Why it might be a good thing that national fragmentation has migrated to the European level

In the build-up to the European Parliament elections this May, political analysts and forecasters focused largely on the increased fragmentation of European politics. To a large extent, we had already seen the emergence of anti-establishment parties in recent national elections. The 2019 polls now have them more firmly entrenched at a European level. The overall results do not come as a surprise and indicate continuity as well as change. The center-right European People’s Party (EPP) and the center-left Progressive Alliance of Socialists and Democrats (S&D) lost the combined majority for the first time, but remain the two largest parties. Eurosceptic, far-right and national-populist parties did not secure a watershed result but established themselves as a fixed point on the European political stage. At the same time, the centre has also been strengthened thanks to gains made by the Alliance of Liberals and Democrats for Europe (ALDE) as well as the European Greens (EFA).

While the current wave of Euroscepticism and nationalism is a challenge for the European project, this also presents the European Union (EU) with an opportunity for further consolidation: the EU now has clear cut internal “enemies.” More so than an abstract sense of purpose, enemies provide a strong incentive to unite. From the perspective of Central and Eastern European (CEE) countries, both challenges and opportunities lie ahead for the E U. Ahead, I’ll examine them individually.

Keep calm and learn coalition formation

The prospect of coalition-building at the EU level may sound scary and cumbersome. And yet, coalitions are an inevitable step in building EU institutions based on proportional representation. Analysts of EU institutional design would find a wealth of knowledge in the research of coalition formation experts at national level, while emerging EU leaders will soon resort to their own national experiences — as European cabinets have overwhelmingly been the result of coalitions. This perspective should make all less worried about impending disaster. It may not seem to be the case, but a more diverse representation within the European Parliament and less dominance of the main European Peoples’ Party (EPP) and the Progressive Alliance of Socialists and Democrats (S&D) are signs of institutional maturity and do not necessarily spell instability.

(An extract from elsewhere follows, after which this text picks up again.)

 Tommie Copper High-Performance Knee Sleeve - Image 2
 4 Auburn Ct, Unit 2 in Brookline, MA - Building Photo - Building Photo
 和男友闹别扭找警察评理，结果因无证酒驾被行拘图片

The countries of Central and Eastern Europe (CEE) have contributed to this fragmentation. The question is whether they will also successfully participate in managing it. The recent coalition building experience of CEE elites, gained during the early days of post-communist one-party dominance, should prove a useful skill. However, while the post-communist countries currently constitute approximately 30% of the seats in the European Parliament, they do not and will not see this reflected in the senior leadership of any of the EU’s key institutions — with the notable exception of the Polish President of the European Council, Donald Tusk. This is partially due to the perception, held by funding EU members, that these states underperform on such metrics as democratization, individual freedoms and state administration capacity, partly due to their own inability to coalesce and secure such positions. In the Council, these countries will, nevertheless, protect each other on such issues as the suspension of voting rights under Article 7 or the connection of rule of law performance to distribution of EU resources.

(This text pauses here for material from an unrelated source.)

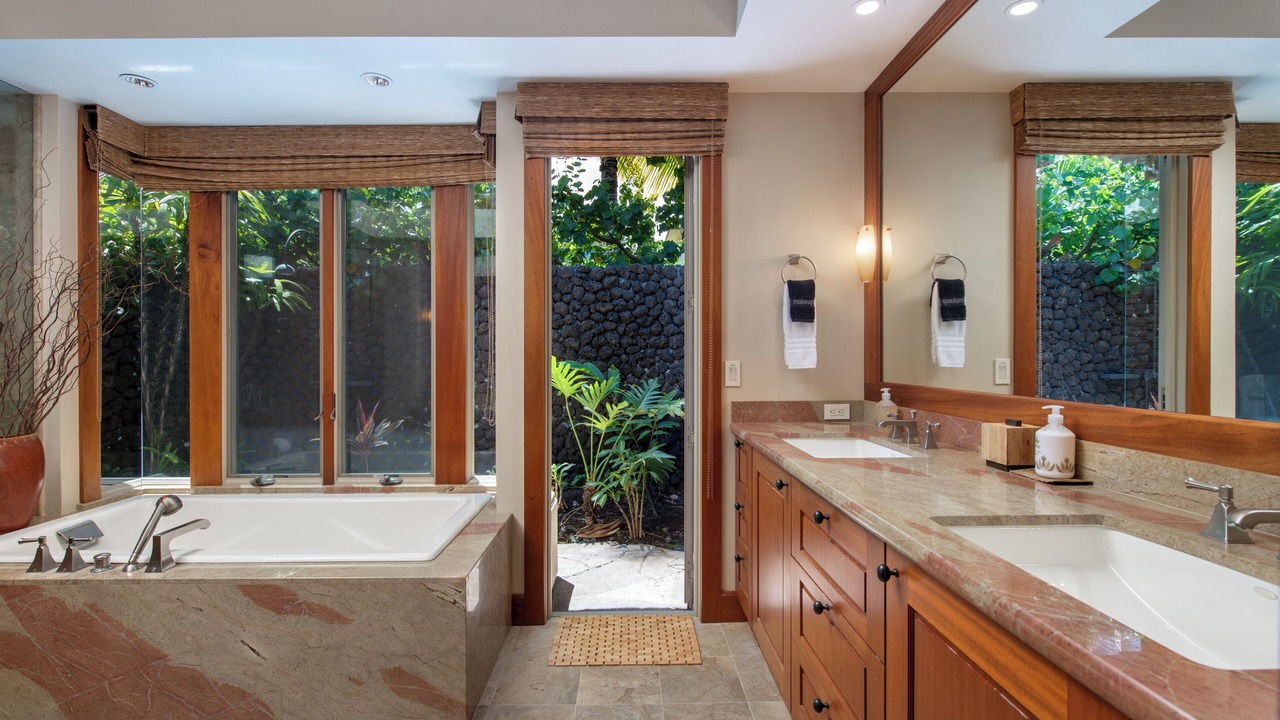 Photo of Bathroom in Kaupulehu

Selling the product “Europe”

The EP and the pan-European parties are the main institutions that will bear witness to incoming CEE parties challenging the status-quo in the new electoral cycle. And while the bulk of national-populists and euro-sceptic parties do not come from this region, national-populists such as Poland’s Law and Justice (PiS) and Hungary’s FIDESZ, will bear the banner of reform. In an interview I conducted a few days before the May 26 elections, a member of the Viktor Orban-led Hungarian government asked “why was it a given that the [conservative] EPP should necessarily coalesce with the European Social Democrats or the liberal ALDE? Maybe it is the best strategic option, but where is the negotiation behind this?” He went on to state that in the case of FIDESZ, ‘’this ‘socialist’ EPP is not what we signed up for; why can’t we even consider a negotiation with the conservative Polish PiS?” With a “Hungary First”, anti-migration and anti-liberal values campaign, FIDESZ won 52% of the vote. PiS won 46% of the popular vote. From among the smaller other Visegrad 4 countries, two MEPs will represent the Slovakian radical right People’s Party our Slovakia and two other the Czech the far-right through newcomer Direct Democracy. Such parties will nevertheless struggle to coalesce, as they are divided on more issues than those that unite them. Most of the other parties in the V4 will participate in strengthening the EU parliament’s center.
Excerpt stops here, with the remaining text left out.